The act became the modern-day freedom flag for this group of dispossessed Americans. Instead of Thomas Jefferson, John Hancock, Benjamin Franklin and Benjamin Harrison, the disability movement had leaders like Justin Dart, Evan Kemp, Patrisha Wright and Senator Tom Harkin pushing the cause. Instead of Martin Luther King Jr., Rosa Parks and Medgar Evers, this time Judith Heumann, Hugh Gallagher and Robert Burgdorf spoke out to make a difference. Tony Coelho, Fred Fay, Paul Longmore, Frank Bowe and Ed Roberts joined a long list of other advocates to help the ADA take its place among the nation’s landmark freedom documents such as the Declaration of Independence, the Emancipation Proclamation, and the Civil Rights Act of 1964.

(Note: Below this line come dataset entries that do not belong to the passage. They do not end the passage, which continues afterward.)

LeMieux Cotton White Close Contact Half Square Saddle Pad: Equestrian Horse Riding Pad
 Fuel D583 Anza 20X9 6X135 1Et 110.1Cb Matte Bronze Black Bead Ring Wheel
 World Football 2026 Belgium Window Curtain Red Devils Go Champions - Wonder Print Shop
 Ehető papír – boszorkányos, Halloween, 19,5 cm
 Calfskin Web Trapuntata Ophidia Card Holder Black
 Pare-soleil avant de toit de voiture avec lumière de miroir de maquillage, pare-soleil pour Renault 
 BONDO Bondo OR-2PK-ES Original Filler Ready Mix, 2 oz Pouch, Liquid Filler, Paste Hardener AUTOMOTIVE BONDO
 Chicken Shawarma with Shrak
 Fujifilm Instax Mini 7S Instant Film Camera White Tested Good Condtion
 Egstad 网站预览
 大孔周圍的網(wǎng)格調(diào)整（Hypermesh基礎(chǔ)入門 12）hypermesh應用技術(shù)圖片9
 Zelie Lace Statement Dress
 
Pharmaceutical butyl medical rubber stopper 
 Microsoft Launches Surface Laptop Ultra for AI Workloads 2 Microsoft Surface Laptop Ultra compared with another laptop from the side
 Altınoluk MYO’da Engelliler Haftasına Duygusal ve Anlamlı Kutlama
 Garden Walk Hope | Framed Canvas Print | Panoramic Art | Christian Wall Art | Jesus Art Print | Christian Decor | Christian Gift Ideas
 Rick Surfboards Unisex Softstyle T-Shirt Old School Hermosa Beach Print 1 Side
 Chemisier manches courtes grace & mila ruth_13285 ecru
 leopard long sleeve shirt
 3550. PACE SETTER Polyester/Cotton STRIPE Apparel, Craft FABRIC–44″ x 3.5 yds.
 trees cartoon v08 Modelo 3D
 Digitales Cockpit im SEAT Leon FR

As with its history-changing predecessors, promoting, lobbying, drafting and passing the ADA was, needless to say, a feat. But like all challenges, it brought a reward. Substantial progress toward independence and equality are celebrated now with its 15th anniversary.
WHERE WE CAME FROM
The 19th century saw few organizations with equality for people with disabilities as their focus, although the founding of the American School for the Deaf in 1817 was a crucial milestone acknowledging the importance of access to education and literacy. By 1880, the National Association for the Deaf was formed. Other organizations followed during the early 20th century as advocacy groups. Activists pushed for state workers’ compensation programs, and by 1919, forty-three states had established some form of workers’ compensation.
Following World War I, legislation such as the National Defense Act, the Smith-Hughes Act and the Soldier’s Rehabilitation Act authorized vocational services as the nation acknowledged in legislation its obligation to people injured in service of their country. In 1920, the Citizen’s Rehabilitation Act expanded some vocational guidance and placement services more broadly to all Americans with physical disabilities.
During World War II, the vast shortage of workers provided opportunity for people with disabilities to gain employment in vacant jobs. When the war ended, however, veterans and civilians with disabilities were bypassed as large numbers of soldiers and sailors became available again for civilian jobs. In response, President Truman created the President’s Committee on National Employ the Physically Handicapped Week (today the President’s Committee on Employment of People with Disabilities). Nevertheless, government involvement in resolving disability discrimination remained limited.
The 1950s brought the Vocational Rehabilitation Amendments, which reshaped and expanded the collaboration between federal and state governments in helping people with disabilities obtain job training and find work. The U.S. Civil Service Commission directed federal departments and agencies to encourage and facilitate hiring people with disabilities.
In 1964, the Civil Rights Act became the legislative benchmark for extinguishing discrimination. The Voting Rights Act was passed the following year. The model of these laws to end racial discrimination sowed the seeds for the disability rights activism that would propel the ADA two decades later.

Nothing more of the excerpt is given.